La situation est grave, mais pas désespérée...
"Si on en est là actuellement, c'est que l'on s'est trompé sur plusieurs choses. Je l'assume complètement, mais on n'est pas résigné. On est encore en vie et au combat pour la place de sixième avec deux petites équipes, le champion Clermont et le vice-champion Perpignan... On s'apprête également à disputer un quart de finale de H Cup (à Barcelone contre Perpignan, ndlr) pour la première fois dans l'histoire du club, alors arrêtons la sinistrose! Je ne pense pas que nous sommes dans l'état d'esprit de sauver notre peau pour ne pas descendre en deuxième division...".

Malgré tout, comment expliquez-vous cette saison compliquée ?
"Je savais que la saison dernière était exceptionnelle. On était la surprise du championnat, comme Montpellier cette saison. Cela fait douze ans que j'entraîne et je n'avais jamais enchaîné onze victoires d'affilée. Je tournais également à deux ou trois blessés par semaine alors que depuis le début de saison, on en compte une dizaine. Comme on a fini plus tard la saison dernière, on a mal entamé le championnat avec deux défaites à domicile (Bayonne et Racing-Métro, ndlr) et tout de suite, on est sous pression.
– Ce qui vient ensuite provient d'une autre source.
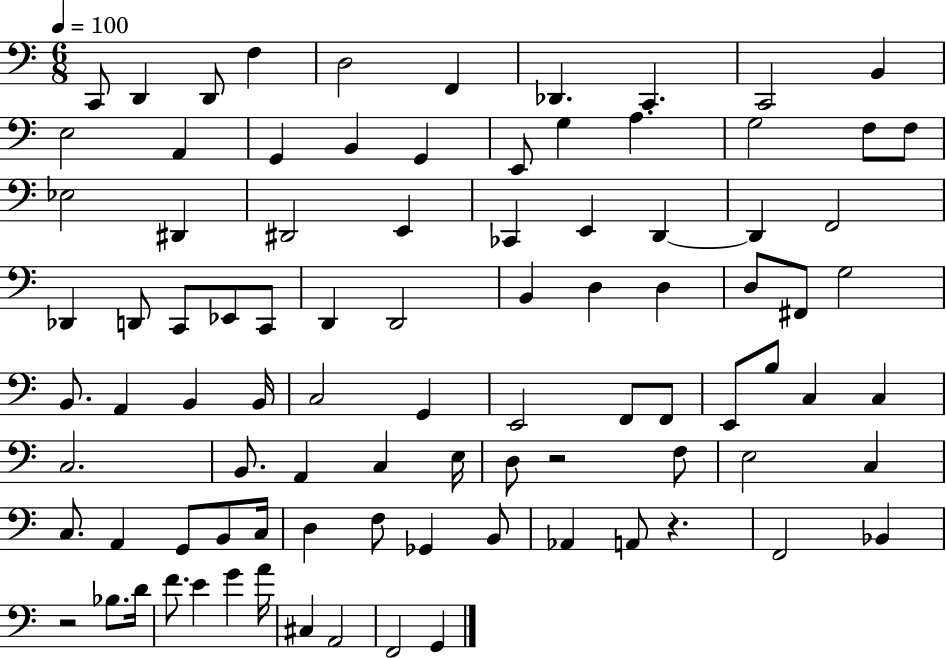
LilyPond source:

{
  \clef bass
  \numericTimeSignature
  \time 6/8
  \key c \major
  \tempo 4 = 100
  c,8 d,4 d,8 f4 | d2 f,4 | des,4. c,4. | c,2 b,4 | \break e2 a,4 | g,4 b,4 g,4 | e,8 g4 a4. | g2 f8 f8 | \break ees2 dis,4 | dis,2 e,4 | ces,4 e,4 d,4~~ | d,4 f,2 | \break des,4 d,8 c,8 ees,8 c,8 | d,4 d,2 | b,4 d4 d4 | d8 fis,8 g2 | \break b,8. a,4 b,4 b,16 | c2 g,4 | e,2 f,8 f,8 | e,8 b8 c4 c4 | \break c2. | b,8. a,4 c4 e16 | d8 r2 f8 | e2 c4 | \break c8. a,4 g,8 b,8 c16 | d4 f8 ges,4 b,8 | aes,4 a,8 r4. | f,2 bes,4 | \break r2 bes8. d'16 | f'8. e'4 g'4 a'16 | cis4 a,2 | f,2 g,4 | \break \bar "|."
}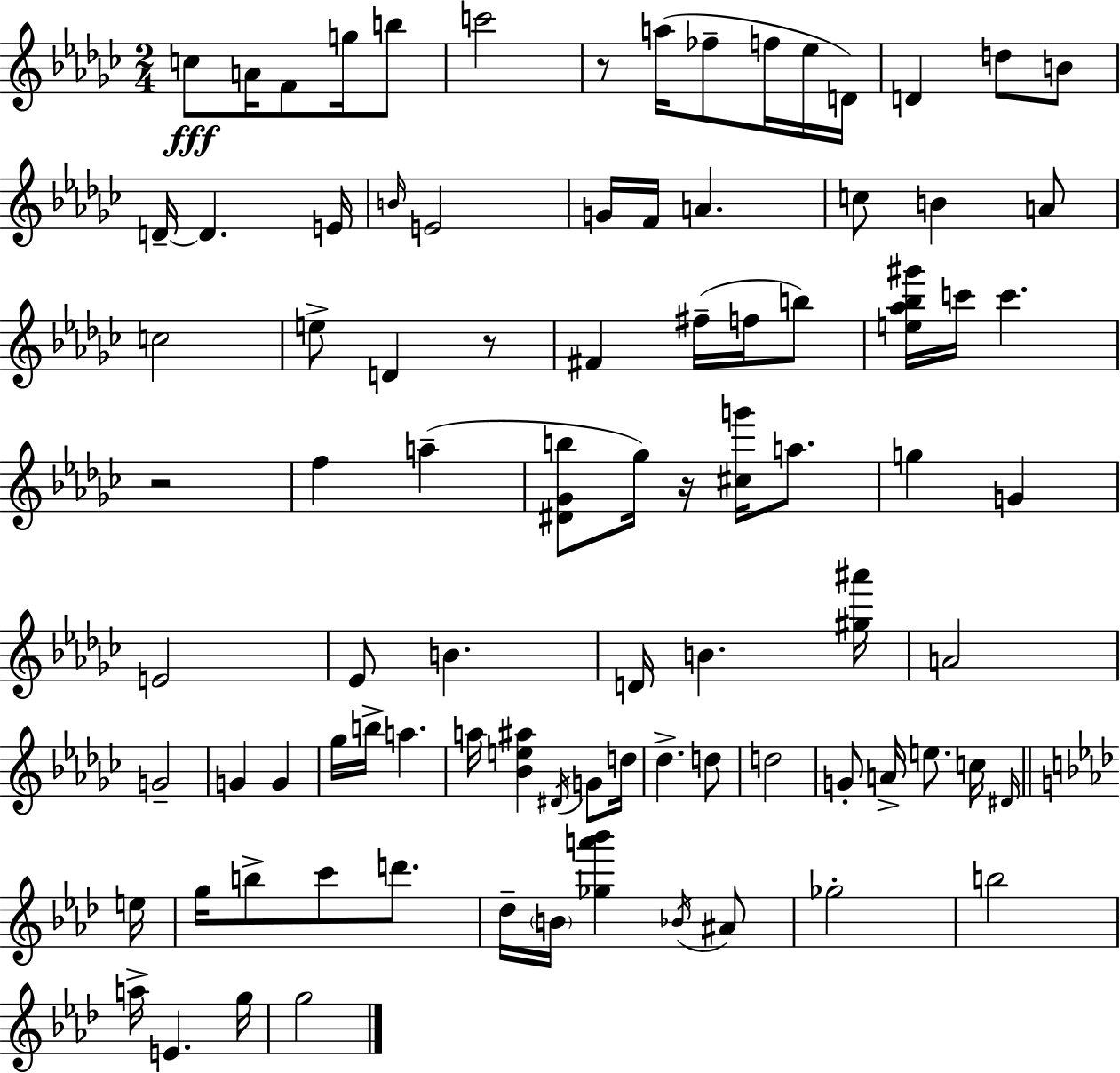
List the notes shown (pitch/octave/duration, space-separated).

C5/e A4/s F4/e G5/s B5/e C6/h R/e A5/s FES5/e F5/s Eb5/s D4/s D4/q D5/e B4/e D4/s D4/q. E4/s B4/s E4/h G4/s F4/s A4/q. C5/e B4/q A4/e C5/h E5/e D4/q R/e F#4/q F#5/s F5/s B5/e [E5,Ab5,Bb5,G#6]/s C6/s C6/q. R/h F5/q A5/q [D#4,Gb4,B5]/e Gb5/s R/s [C#5,G6]/s A5/e. G5/q G4/q E4/h Eb4/e B4/q. D4/s B4/q. [G#5,A#6]/s A4/h G4/h G4/q G4/q Gb5/s B5/s A5/q. A5/s [Bb4,E5,A#5]/q D#4/s G4/e D5/s Db5/q. D5/e D5/h G4/e A4/s E5/e. C5/s D#4/s E5/s G5/s B5/e C6/e D6/e. Db5/s B4/s [Gb5,A6,Bb6]/q Bb4/s A#4/e Gb5/h B5/h A5/s E4/q. G5/s G5/h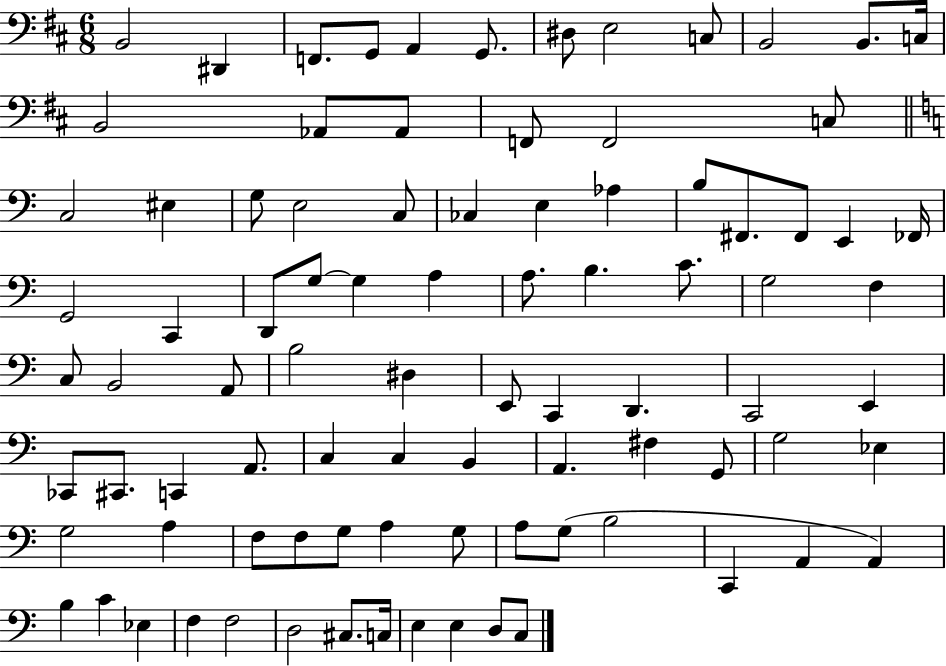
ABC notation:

X:1
T:Untitled
M:6/8
L:1/4
K:D
B,,2 ^D,, F,,/2 G,,/2 A,, G,,/2 ^D,/2 E,2 C,/2 B,,2 B,,/2 C,/4 B,,2 _A,,/2 _A,,/2 F,,/2 F,,2 C,/2 C,2 ^E, G,/2 E,2 C,/2 _C, E, _A, B,/2 ^F,,/2 ^F,,/2 E,, _F,,/4 G,,2 C,, D,,/2 G,/2 G, A, A,/2 B, C/2 G,2 F, C,/2 B,,2 A,,/2 B,2 ^D, E,,/2 C,, D,, C,,2 E,, _C,,/2 ^C,,/2 C,, A,,/2 C, C, B,, A,, ^F, G,,/2 G,2 _E, G,2 A, F,/2 F,/2 G,/2 A, G,/2 A,/2 G,/2 B,2 C,, A,, A,, B, C _E, F, F,2 D,2 ^C,/2 C,/4 E, E, D,/2 C,/2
On a également disputé six matchs de Coupe d'Europe de très haut niveau, ce qui fait que l'on a davantage tiré sur certains joueurs. Mais si on arrive à tenir dans des moments comme ça, on en ressort plus fort."

Le centre gallois Gavin Henson devrait enfin effectuer ses débuts. Comment le jugez-vous ?
"Il y a de grandes chances qu'il soit dans le groupe de 23. On savait qu'il arrivait blessé (aponévrose), mais sa blessure était plus importante que prévu. Pour la première fois depuis son arrivée (début février, ndlr), il a fait toute la semaine d'entraînement avec nous, sans aucun problème. Il est en train de comprendre les systèmes et l'organisation. On voit qu'il n'a pas été international pour rien. Il a du timing, de la qualité de passe, il sent le rugby. Il montre un gros professionnalisme, beaucoup d'enthousiasme et depuis qu'il est là, il ne s'est pas laissé perturbé par autre chose que le rugby. Le problème c'est qu'il n'a eu que 120 minutes de jeu en deux ans."